By combining these indicators, among many others, the researchers were able to write a program that can automatically identify distractors in an image.1 That being said, this success did not come without its challenges.
One of the main challenges of the project was collecting good data on items people identify as distractors. As Ohad Fried, a graduate student in computer science at Princeton University and lead author of the paper, puts it: the issue of data quality always occurs “when you are dealing with real users and real data. It’s really a challenge to know what to ask the users and how to collect the data.” For example, one way the researchers collected images for their project was by creating an app where users could manually “wipe away” undesired parts of an image. As part of the app, the user could voluntarily send the completed image to the researchers for research. When describing the data collected, Fried recalls how “one of the major users of the application… used it to remove watermarks [from images].” Technically, watermarks are not distractors (using such an app to remove them is illegal and discouraged by the researchers). Thus including these images in the data to be analyzed would skew the data and result in many false removals. Being able to identify false alarms such as these was very important to ensuring that accurate qualities of distractors would be found.

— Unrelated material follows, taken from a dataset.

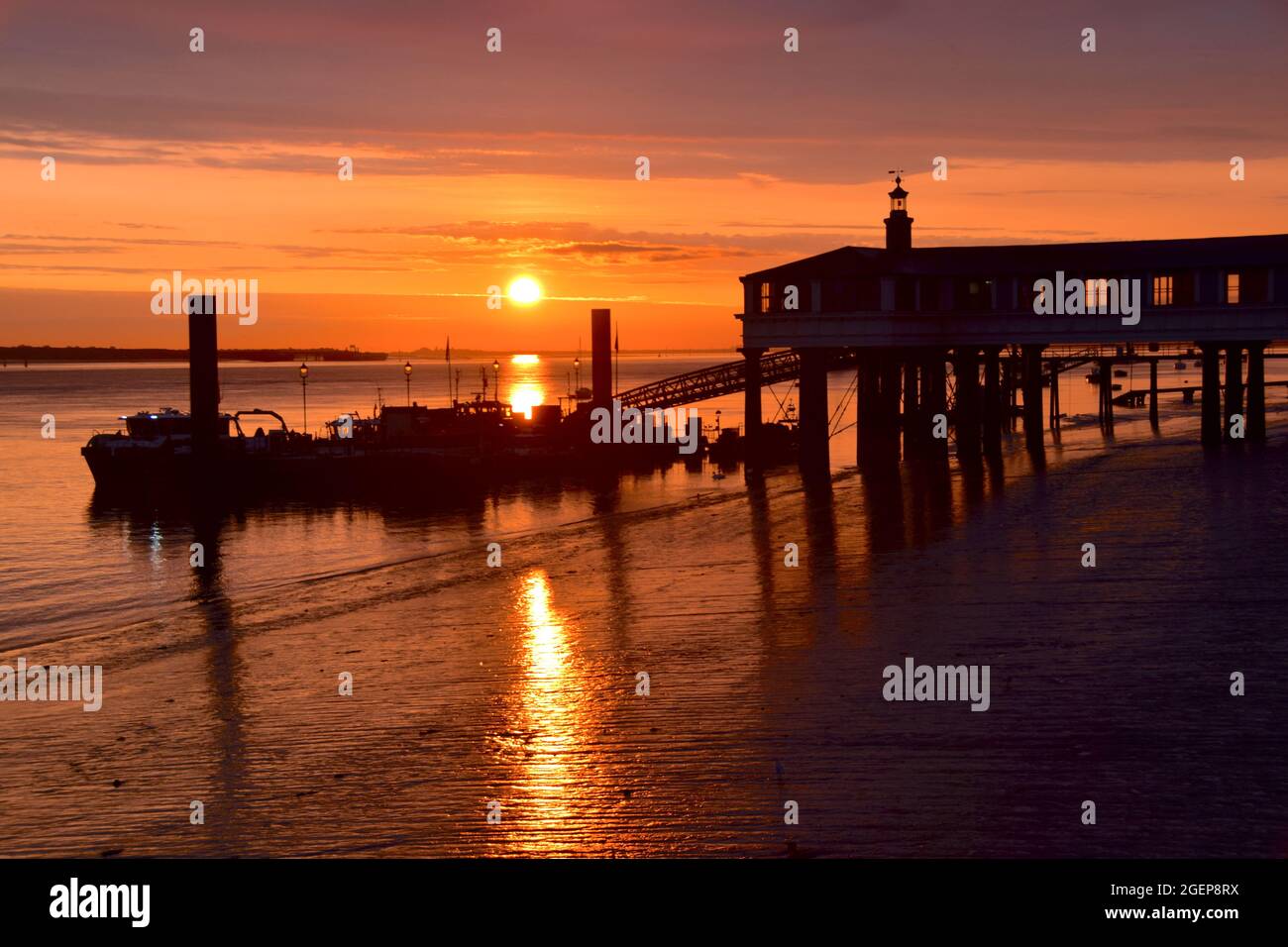 21/08/2021 Gravesend UK Dawn breaks above the River Thames near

The second step of the procedure is to replace the distractors with appropriate fillers. To do this, Fried and his colleagues used a pre-existing method called “patch-based hole filling.” Optimized by a group of researchers from Princeton University, the University of Washington, and Adobe Systems, this method looks at the region surrounding the hole, and then studies the rest of the image for similar patches. It then takes the best-matching patches and uses the information it obtains to fill in the hole. It is also able to take certain constraints into account. For example, in “repairing” the temple, it realizes that the temple’s roof has a triangular shape, and fills in the holes accordingly.2
PATCH-BASED HOLE FILLING CAN ACCURATELY REMOVE DISTRACTORS RANGING FROM YARD SIGNS TO STAINS TO EVEN PEOPLE.
By incorporating “patch-based hole filling” into their program and treating distractors as “holes,” Fried and his colleagues were able to automatically remove undesired sections from images with impressive results. The program can accurately remove distractors ranging from yard signs to stains to even people.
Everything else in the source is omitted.